I'm in the process of adding a description of this technique to the manuscript.
Chapter 1 Rewrite (11 Feb 2013)
I've completed a major rewrite of the first chapter of Building Immersive Display Systems. It's a much tighter chapter now, focusing on the factors important to building immersion.
I've also done a first pass re-structuring of the second chapter. I removed material which had become redundant as a result of the chapter one rewrite.
Postage (28 Jan 2013)
The US Postal Service raised prices today. I ship books using flat rate Priority and Priority International. These are basically airmail services which have been reasonably good choices for getting books to buyers in a timely fashion.
Now they just got more expensive.
I don't know of any better choice. Pay less and an international shipment can extend to months. Sigh!
So, if you're planning on buying a book anytime soon, right now is a really good time because very shortly I'll be digging into my Paypal "buy button" logic and bumping shipping up to match the new USPS prices.
Writing (16 Jan 2013)
I am in the process of refactoring the first two chapters of Building Immersive Display Systems. I'm surprised to find myself doing this, because after the last edit I was reasonably happy with what I had. Ah well, that's the value of putting something aside for a bit and looking at it with fresh eyes.
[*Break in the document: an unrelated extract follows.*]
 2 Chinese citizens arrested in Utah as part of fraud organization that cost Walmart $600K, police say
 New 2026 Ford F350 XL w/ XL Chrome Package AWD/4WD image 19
CNC Project Excuses and Writing (5 Jan 2013)
Well, I can't use lack of parts as an excuse for no progress on the CNC project. I'm probably missing a few things, but I've got quite enough on hand to do something. The problem is that I'm too comfortable inside where it's warm. My work area is neither warm nor comfortable. Eventually I'll get bored enough to venture into the cold and damp, but if not, spring is coming.
What I have done is pick up the manuscript for book 3 which I have officially renamed Building Immersive Display Systems. I had initially looked at the book as describing a functionality of simulators, but what it really has as its central thread is the use of display technology to boost immersion in virtual worlds, and that's not limited to simulators.
The manuscript as it stands contains a lot of good material. There continue to be developments in the industry that I'll add, but all in all, the book's loaded with goodies. I'm just not satisfied with how it's all presented. It's too easy to get lost in the details. That's something I need to fix.